For the first month, adjusting to my new job as mother was extremely difficult but now that she sleeps through the night I am feeling less like one giant nerve ending. Somehow I got incredibly lucky with her. Makenna cries very little compared to other babies her age, she is incredibly easy going, and already sleeps for at least nine hours every night (for this disposition I must thank her father). And when she smiles or coos at me, nothing I went through in the past matters.
This love is unlike anything I’ve ever known and has to be the closest thing to a God-like love that exists in a human life. I would do anything for her and I’ve only just started getting to know her. I’ve been pooped on, peed on, and puked on more times than I can count, but none of it bothers me, which is strange because I always thought it would. The love a parent feels for their child isn’t rational, not in any way. Every other kind of love I’ve felt in my life has seemed, at least in some way, like a choice. Not this. The love I have for her is biological, chemical, reflexive and unshakeable.

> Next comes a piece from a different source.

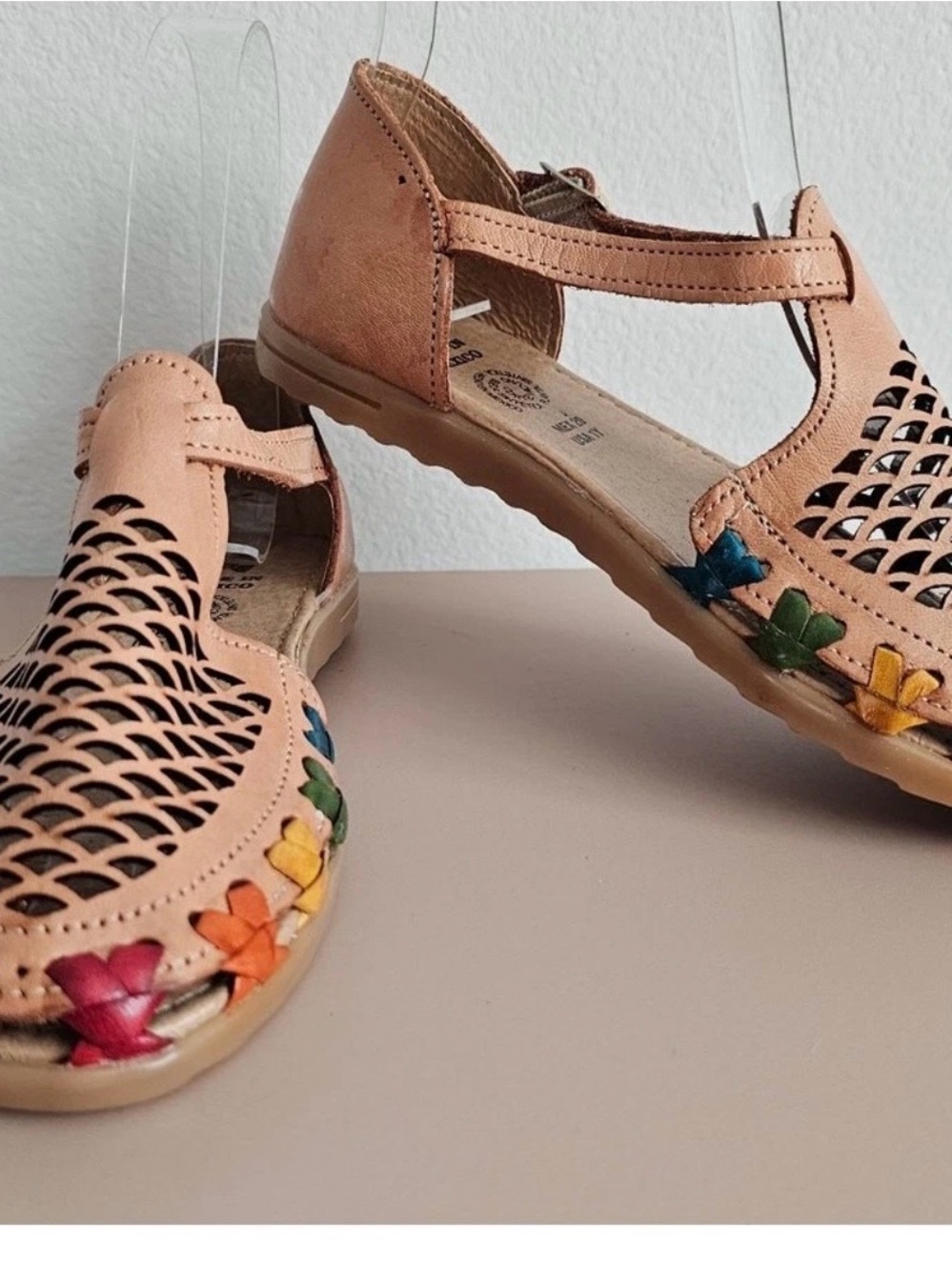 Peach Leather Cutout Sandals with Rainbow Stitching huaraches Mexican #7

Yet with each passing day as my love for Makenna grows, so does my fear that something beyond my control might happen to her. I think this is a key element of the love a parent has for their children. You can’t love them without at least some fear in the back of your mind that you might lose them. Being a parent, to me, is existing in a constant state of duality, about maintaining some control where really you have very little, about loving someone more than yourself even if they can make you so beyond frustrated, and reveling in every moment you have with them even when it could all change for the worst in an instant.
Even though Makenna’s life came out of one of the lowest points in mine, I wouldn’t change anything I’ve ever gone through if it meant never having her. She is my greatest adventure so far. If my heart and soul could take form outside of myself it would surely be her. I have never known a love like this — a love so huge, so pure and painful.